In Texas, we know that the culture and the politics around guns make addressing certain aspects of gun violence difficult. There has been significant pushback against any form of firearm regulation at the Texas legislature for decades making law changes incremental and creative.
One area where we have seen both bipartisan support and real direct community effects has been safe storage. Last legislative session our partners at Texas Gun Sense were able to add an amendment to House Bill 3, a large bill focused on school safety, that requires schools to share information on safe gun storage.
This was a significant step – safe storage practices, such as storing firearms unloaded, locked up, and separate from ammunition, have been shown to reduce suicides, mass shootings, and accidental shootings. By requiring schools to share information on safe storage practices, it encourages communities to have conversations about firearms and safety. That is critical to addressing not just gun violence, but also the culture around guns that enables violence.
Fortunately, we are seeing similar progress at the federal level. As a part of a series of executive orders by the White House concerning gun violence, it was announced that the Centers for Medicare and Medicaid Services (CMS), the federal agency that oversees Medicaid, is creating a process to reimburse healthcare providers for screening patients for gun injury risk, counseling them on safer storage practices, and sharing violence prevention resources.
Now what does this mean?
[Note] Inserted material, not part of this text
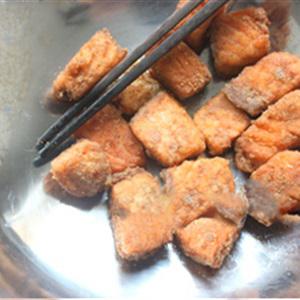 Cách làm cá chiên sốt gừng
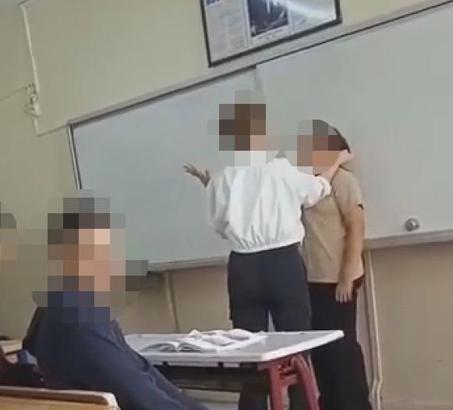 İstanbul - Pendik'te öğretmenden tahtaya kaldırdığı öğrencisine fiziksel ve sözlü şiddeti kamerada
Medicaid provides health insurance for low-income Americans. Often these same Americans are in communities that are at high risk for gun injury. Medicaid will be able to provide reimbursement to healthcare providers and hospitals that assess their patients’ exposure to firearms and violence, and then offer appropriate counseling.
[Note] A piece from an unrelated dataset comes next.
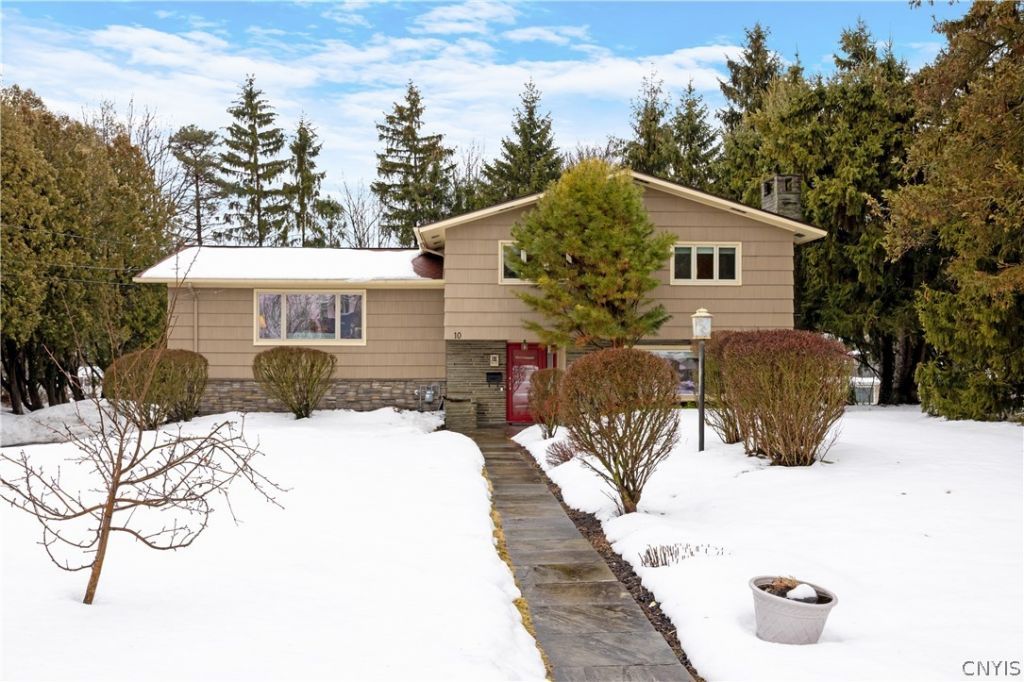 10 Northridge Road, Syracuse, NY 13214 Main Photo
This could mean that if a patient owns a gun or is in a house with one, they are provided information on safe storage and sometimes given a gun lock. Or it could mean that if a patient is in a neighborhood with high levels of intrapersonal or community violence, instead they are given violence prevention resources.
The program supports a national public health framing of gun violence and critically helps hospitals and care providers be a part of the preventative side of things, something health professionals are eager to do. Last month Texas Impact held a panel discussion on gun violence at Shepherd of the Hills Presbyterian Church. One of the panelists, trauma surgeon Dr. Cardenas, spoke about how prevalent gun violence is in her work. She sees shootings every day. One of her biggest frustrations is how reactive hospital work is. They see people after they have already been shot and often that is too late.
By further ingraining hospitals and healthcare into the gun violence prevention space, we are building upon community violence intervention programs that seek to leverage key community members and institutions to holistically address the root causes of violence. A major part of the community approach is culture change i.e. providing role models to youth, having conversations with parents, and helping people have their needs met.
That means talking about guns in schools, hospitals, and the home. Firearms are a dangerous tool. If they are to continue to be a major facet of American life, then that means we have to be responsible stewards. Our culture has to reflect a willingness to handle guns seriously and above all else put the health and safety of our neighbors first. We need to talk about guns.